→ What the task asks: Each line in the material below, starting at the one that contains "tiled spare room with ceiling fan" and ending at the one that contains "family, motherhood and", should be repeated exactly; the pictures should not.

----- Source material -----

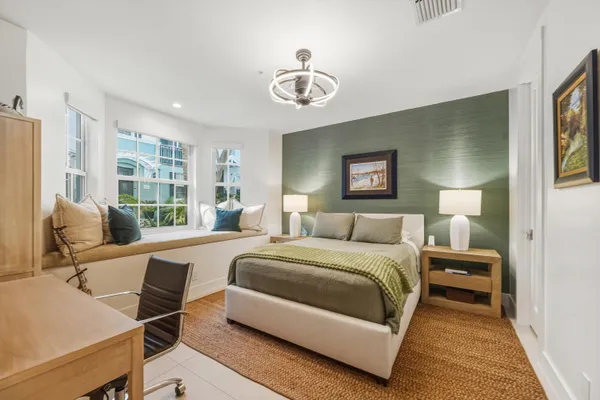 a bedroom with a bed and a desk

-----
----- Source material -----

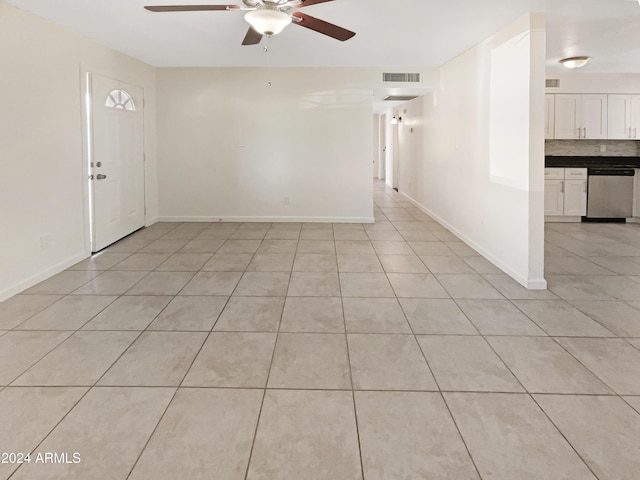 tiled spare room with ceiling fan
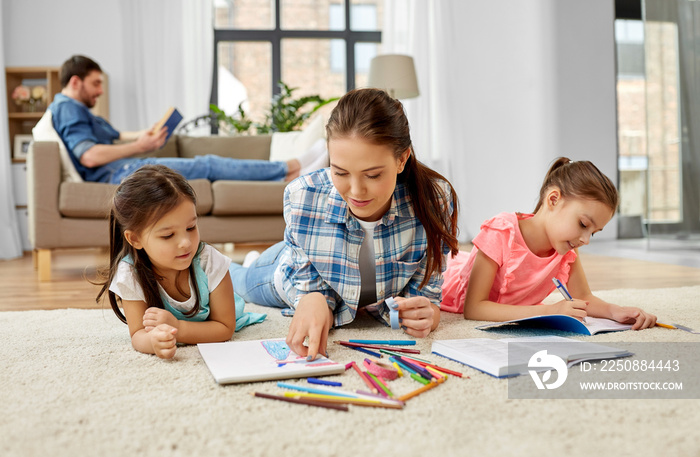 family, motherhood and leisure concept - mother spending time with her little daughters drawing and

-----

→ Answer to the exercise:
 tiled spare room with ceiling fan
 family, motherhood and leisure concept - mother spending time with her little daughters drawing and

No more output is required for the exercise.